The following is a quick hit of editorial analysis from The Foggiest Idea on the local and regional developmental issues that matter. For more, be sure to LIKE TFI on Facebook.

By Richard Murdocco

December 6th, 2020

Builders and trade leaders argued that vacant big-box stores and shopping centers should be replaced by apartments and other mixed uses during a virtual conference on economic development on Friday. You can read Newsday‘s coverage of the event, and the remarks here.

“We have a lot of shopping centers, big-box stores and other retail spaces that are going to need redevelopment,” Mitch Pally, CEO of the Long Island Builders Institute, said during the event, hosted by Vision Long Island, a non-profit development advocacy group. “The ability to redevelop those sites for mixed-use projects, including rental apartments and condos, is going to be very important.”

The Foggiest Idea‘s Take: With the appropriate conditions, a wholesale development strategy that calls for the revitalization of antiquated and idle retail sites is sound planning practice. But for such an approach to be successful, policymakers and local residents must work together in identifying appropriate sites that have the necessary infrastructural capacity to support housing.
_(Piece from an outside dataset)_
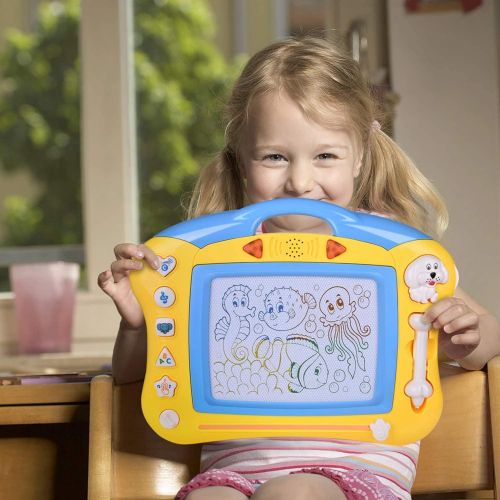  [아마존베스트]FUN LITTLE TOYS 2 Pack Magnetic Drawing Board for Kids with Light and Sound, 11.8 X 15 Sketch Doodle Board Toddler Toys Educational Toys, Best Choice for Birthday Gifts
The good news is that most of these locations are ideally situation for the integration of housing.

In general, shopping centers and malls are generally located on key arterial roadways and are sufficiently buffered from neighboring single-family areas, making them well-equipped to handle any demands that new housing development would place upon them. Infill redevelopment, or the repurposing of underutilized developed sites, is likely to become the main go-to approach that builders will use in the coming years.

In the past, The Foggiest Idea has been supportive of the conversion of outdated commercial parcels to housing, and has actively encouraged developmental cohesion between real estate projects that have regional significance.
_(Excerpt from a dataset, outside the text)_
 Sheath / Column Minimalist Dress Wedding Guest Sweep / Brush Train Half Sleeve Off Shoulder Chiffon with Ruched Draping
Earlier this year when the Town of Oyster Bay was accepting public remarks on Heritage Village, a mixed-use transit-oriented development that is being proposed for the 26.4-acre former Sears property in Hicksville, TFI argued that  “…given the site’s direct access to key state arterial highways NYS Routes 106/107, proximity to the LIRR, and its prior use as a fully-operational department store, traffic and other residual impacts from the proposed redevelopment should be reasonably absorbed by the immediate area’s existing transportation infrastructure.”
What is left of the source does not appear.